◆ Work required ◆
Output only the lines below from the one containing "Used Land Rover" to the one containing "Maruti Suzuki Sx4", exactly as written, both ends kept.

◆ Extracted information ◆
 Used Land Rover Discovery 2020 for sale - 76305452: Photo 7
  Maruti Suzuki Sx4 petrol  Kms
---
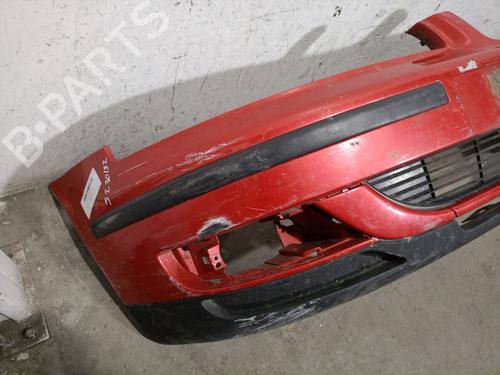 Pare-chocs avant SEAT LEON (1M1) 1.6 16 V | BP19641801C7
---
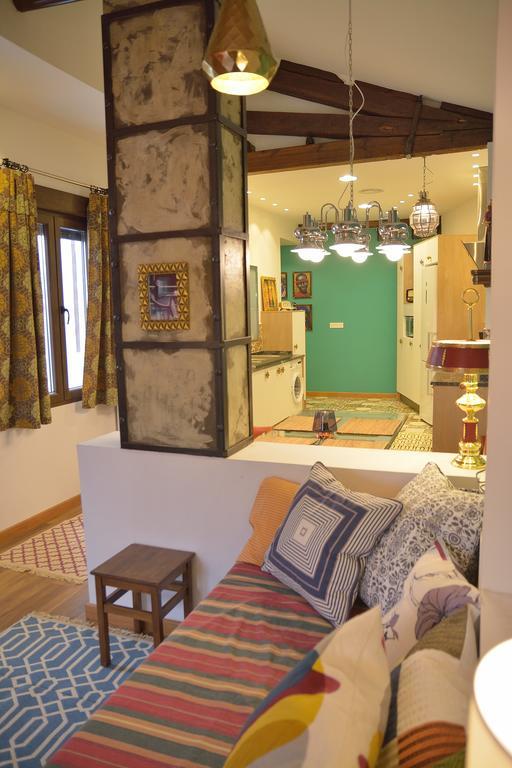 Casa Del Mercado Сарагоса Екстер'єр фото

◆ Exercise output ◆
 Used Land Rover Discovery 2020 for sale - 76305452: Photo 7
  Maruti Suzuki Sx4 petrol  Kms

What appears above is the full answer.